Military spokesman Ali Reza Tangsiri said the new “Ya Mahdi” attack boat – named after the Shiite Muslim messiah who is expected to one day return and bring universal justice – was “less detectable by radar” because of its “high speed.”

“The Strait of Hormuz belongs to the region and foreigners must not intervene in it. We want to keep it safe and secure,” Mr. Tangsiri said according to the ISNA news agency, as translated by Agence France-Presse.

The correspondent for state-run broadcaster IRINN wore a desert camouflage uniform to deliver his morning report from the site of the exercise. In one scene, a microphone was held out to capture the sound of exploding bombs, as the boat apparently full of Iranian journalists sped alongside the advancing armada.

Iran has for years described an asymmetric military strategy to deal with enemy warship with superior firepower but less agility than the smaller Iranian craft. US commanders have similarly warned of the dangers of effective “swarming” by Iranian military forces in the Persian Gulf.

(Video of a 2008 incident between US Navy and Iranian speedboats)

Iran has in the past declared that it could shut the narrow Strait of Hormuz at the eastern bottleneck of the Persian Gulf, through which 40 percent of the global oil supply flows.

Pentagon underwhelmed

The Pentagon played down the significance of the war games, noting that Iran frequently conducts military exercises accompanied by verbal fireworks.

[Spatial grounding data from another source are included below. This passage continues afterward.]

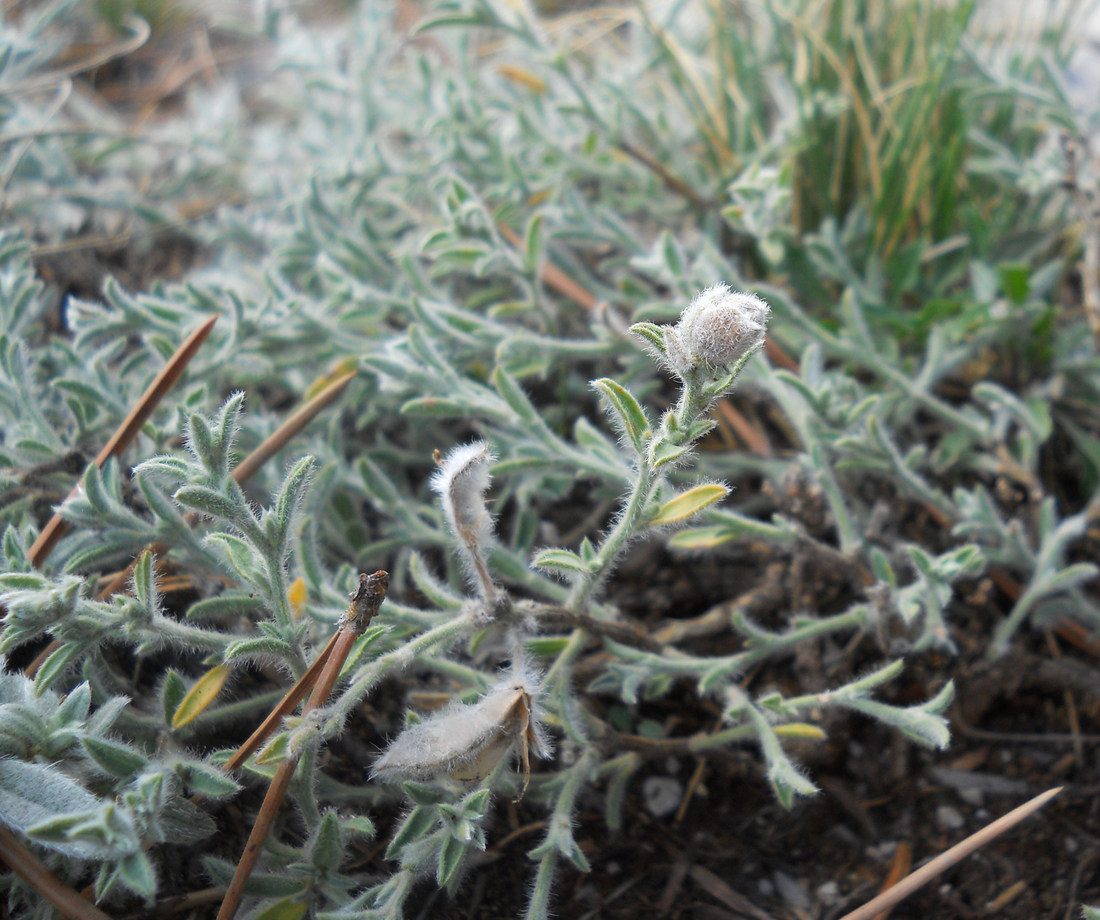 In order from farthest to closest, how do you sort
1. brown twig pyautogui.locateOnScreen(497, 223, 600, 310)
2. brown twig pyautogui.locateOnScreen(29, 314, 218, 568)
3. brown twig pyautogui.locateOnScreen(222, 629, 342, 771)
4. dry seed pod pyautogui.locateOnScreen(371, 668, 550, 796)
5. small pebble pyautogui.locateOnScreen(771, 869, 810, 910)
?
brown twig pyautogui.locateOnScreen(497, 223, 600, 310)
small pebble pyautogui.locateOnScreen(771, 869, 810, 910)
brown twig pyautogui.locateOnScreen(29, 314, 218, 568)
brown twig pyautogui.locateOnScreen(222, 629, 342, 771)
dry seed pod pyautogui.locateOnScreen(371, 668, 550, 796)

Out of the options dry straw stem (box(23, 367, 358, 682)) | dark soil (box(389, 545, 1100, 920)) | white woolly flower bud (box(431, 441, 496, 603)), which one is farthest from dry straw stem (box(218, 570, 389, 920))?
dry straw stem (box(23, 367, 358, 682))

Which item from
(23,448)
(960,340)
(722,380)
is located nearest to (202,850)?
(23,448)

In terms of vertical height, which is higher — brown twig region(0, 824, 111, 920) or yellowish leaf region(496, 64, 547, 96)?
yellowish leaf region(496, 64, 547, 96)

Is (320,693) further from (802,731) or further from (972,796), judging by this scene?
(972,796)

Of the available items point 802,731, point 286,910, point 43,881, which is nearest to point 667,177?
point 802,731

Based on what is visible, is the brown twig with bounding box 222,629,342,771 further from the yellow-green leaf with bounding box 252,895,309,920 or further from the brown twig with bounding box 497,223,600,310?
the brown twig with bounding box 497,223,600,310

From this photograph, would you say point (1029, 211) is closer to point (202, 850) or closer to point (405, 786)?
point (405, 786)

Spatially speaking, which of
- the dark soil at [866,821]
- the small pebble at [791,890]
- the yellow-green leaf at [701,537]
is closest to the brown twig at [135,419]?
the dark soil at [866,821] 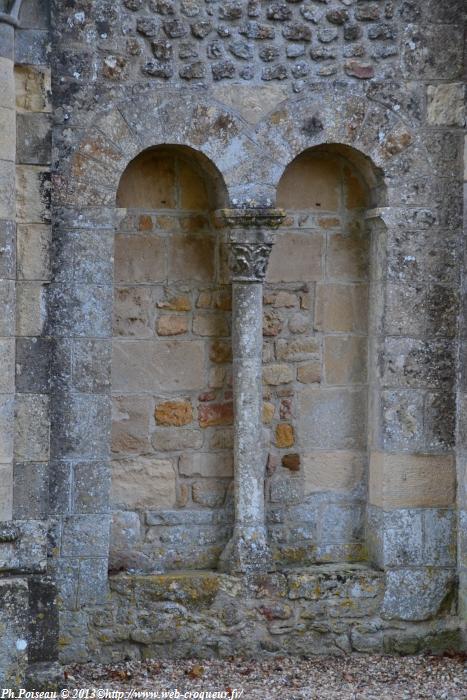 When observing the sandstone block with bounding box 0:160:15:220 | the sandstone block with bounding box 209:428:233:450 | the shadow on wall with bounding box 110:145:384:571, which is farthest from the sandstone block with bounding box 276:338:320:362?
the sandstone block with bounding box 0:160:15:220

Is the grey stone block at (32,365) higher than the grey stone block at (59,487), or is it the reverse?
the grey stone block at (32,365)

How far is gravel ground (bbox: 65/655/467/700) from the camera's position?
6.09m

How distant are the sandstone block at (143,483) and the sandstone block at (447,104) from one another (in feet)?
7.92

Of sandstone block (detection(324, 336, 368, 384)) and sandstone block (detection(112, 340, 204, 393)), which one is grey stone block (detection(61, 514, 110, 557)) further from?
sandstone block (detection(324, 336, 368, 384))

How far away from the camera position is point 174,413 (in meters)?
6.72

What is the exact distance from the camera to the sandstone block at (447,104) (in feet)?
22.0

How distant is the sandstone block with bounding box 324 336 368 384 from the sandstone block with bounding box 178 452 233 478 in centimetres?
74

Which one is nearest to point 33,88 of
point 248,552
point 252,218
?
point 252,218

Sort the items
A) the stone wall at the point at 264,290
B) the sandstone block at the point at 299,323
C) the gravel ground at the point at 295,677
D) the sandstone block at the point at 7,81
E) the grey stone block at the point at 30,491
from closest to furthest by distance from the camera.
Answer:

“What’s always been interesting is how much what they do comports with what they says,” Pentagon spokesman Geoff Morrell said on Wednesday. “It’s more often the case with testing of weaponry than it is with exercises and drills, but often they profess and claim to have capabilities which are not demonstrated in reality based upon our review of intelligence after the fact.”

While Iranian officials may appear to be giving this year's war games extra stridency, aggressive rhetoric (and actual incidents) is nothing new to the Persian Gulf.

“The first shot against Iran would set the United States’ vital interests in the world on fire,” the cleric Shirazi warned in 2008, during the war game “Great Prophet III.” “Tel Aviv and the US fleet in the Persian Gulf would be the targets that would be set on fire in Iran’s crushing response.”

More than a decade earlier – long before Iran was surrounded by tens of thousands of the US troops in Iraq and Afghanistan, along with the US Fifth Fleet based in Bahrain – the commander of the Revolutionary Guard had a similar warning.

“Let me send a clear message to the Americans: the Persian Gulf is our region; they have to leave our region,” Maj. Gen. Mohsen Rezaei declared in 1997, echoing official statements today. “Iran will never start any war, but if Americans one day decide to attack us, then they would have committed suicide. We will turn the region into a slaughterhouse for them. There is no greater place than the Persian Gulf to destroy America’s might.”

In 1988, a state-of-the-art US Navy Aegis cruiser – immediately after chasing small Iranian Revolutionary Guard launches – mistakenly shot down a civilian Iran Air plane, killing all 290 on board. The US later paid compensation to the victims' families, but the US ship’s air-warfare chief was also awarded the Navy’s Commendation Medal for “heroic achievement.”